Sunday, November 15

oh mother, i can feel the soil falling over my head...

i have no room mate this week. life is sad with no one to talk to. i find myself having full blown conversations with myself... needless to say, i was made to have a companion with me at all times... does this make me needy... maybe... but not in the bad way, hopefully...
i missed the test i was supposed to take yesterday... bum-out! i left over an hour early, as not to be late... relying on public transportation sucks sometimes... my train was late and then when i got to my "stop", i couldn't find the place... it was so early in the morning that no one was around to help... by the time i saw people it was too late...100 bucks down the drain... it was a beautiful morning though... i was so close to the lake that i walked home... there i was, at 7am walking along the lake with tears in my eyes and no one to talk to (i didn't bring my phone- it was "forbidden" at the test site)... poor me, right...
today i woke up and went for a run... this run turned into a half marathon... i was feel'n it, so i went with it... along the way, i saw the test site- i wanted to blow it up... instead i sighed and kept running...

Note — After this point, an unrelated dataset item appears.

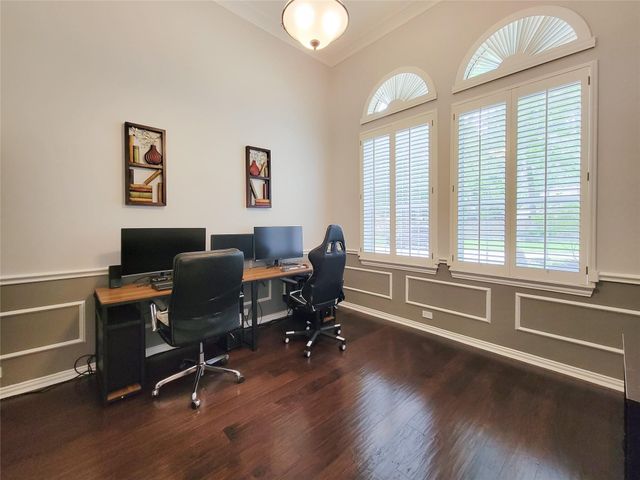78 N Bluff Creek Circle, The Woodlands, TX 77382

tonight at church, i was inspired by something my pastor said. he is doing a series using psalm 34, he focused on verse 3 tonight- "oh magnify the lord with me..." he said something that really got me thinking- magnification doesn't change the size of something, it brings that something into focus. life is hard, and really sucks the majority of the time (sad, but honest)... its so easy to focus all attention on "me"(whats specifically going on with me, "my" world...), that we lose sight of the main purpose- magnifying God, bringing glory to him. one of the fruits of the spirit is self control. if you are a christian, you should be exhibiting these fruits... i have been thinking a lot about self control in general... self control is not circumstance control- i will magnify the lord if everything is awesome. self control is choosing to magnify God when life is not perfect or what you planned... self control is understanding that what God has destined for you is better; it is putting all focus on God because you trust him.